Monday, December 25, 2006

Pakistanis and Manto's Sakeena!



Sakeena is a 17 years old girl in Sa'adat Hassan Manto's masterpiece short story "Khol Do" – Open!. She falls victim to communal riots on her way from Amritsar to Lahore and gets separated from her father and mother.

Sirajuddin, her father finds himself alone in the refugee camp of Mughalpura and cannot recall where he had seen her last time. He remembers, however, his wife dying with her guts out on the road to Pakistan.

When he can't find her for many days and is at the verge of total disappointment he finds eight gun carrying volunteers who vow to find his daughter. It turns out that they do find her but never bring her back to her father.
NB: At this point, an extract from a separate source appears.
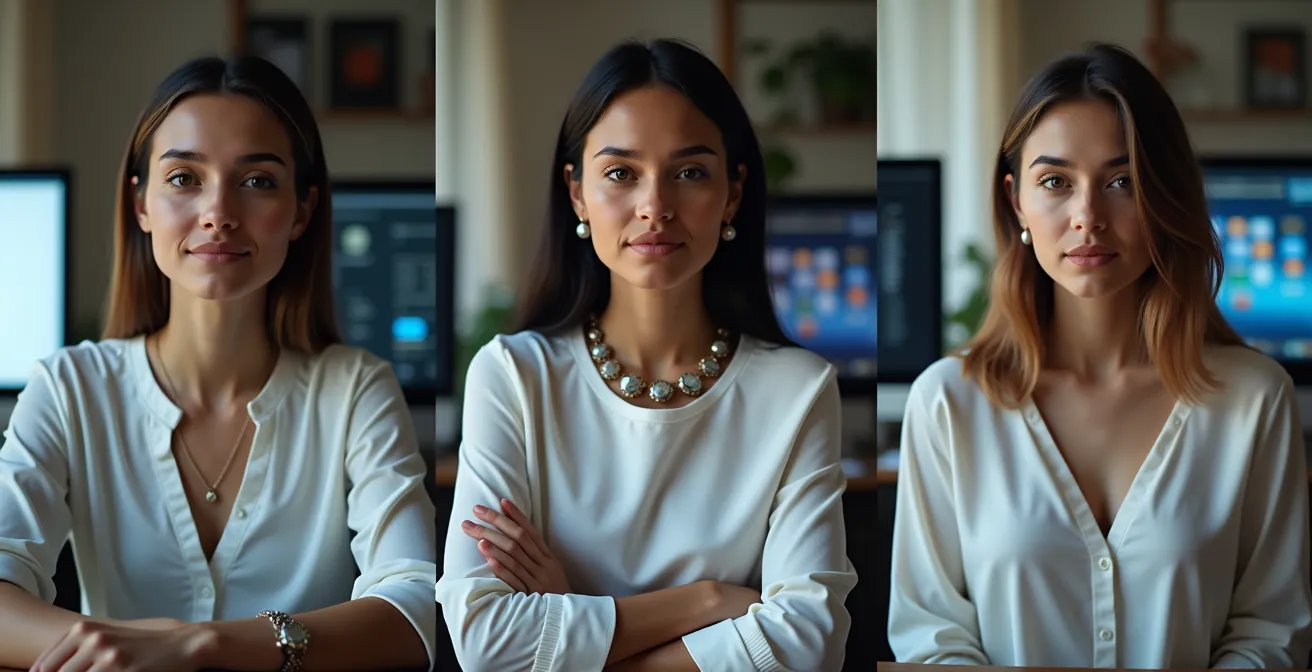 Trois personnes portant différents types de cols en situation de visioconférence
They rape her for so long and so often that she loses all consciousness and they abandon her to die next to the rail tracks.

Her body is found by some good people and Sirajuddin sees them carrying it to the camp hospital not knowing this is his own daughter, Sakeena. Still he follows them hoping that she could be her.

When she is left on a gurney in a dark hospital room he approaches her to find out. At the same time a doctor walks into the room and turns the light on. Sirajuddin recognizes her from a black mole on her cheek. The doctor asks him who he was and he says he was dead girl's father.

Doctor while checking her pulse for any sign of life asks him to "open the window". Sakeena recognizes the now familiar words "Khol Do" so well that her hands unconsciously but limpidly move, untie and lower down her 'Shalwar'. Doctor is mortified with shame but Sirajuddin is happy to see her alive.

Now read the following news piece and think why it has conjured up Sakeena's image in my mind. Is there any resemblance in the characters on the political scene of Pakistan and the ones in this eternally poignant short story, or it is just me?

Six out of 10 Pakistanis favor army rule while people in other South Asian countries overwhelmingly support democracy.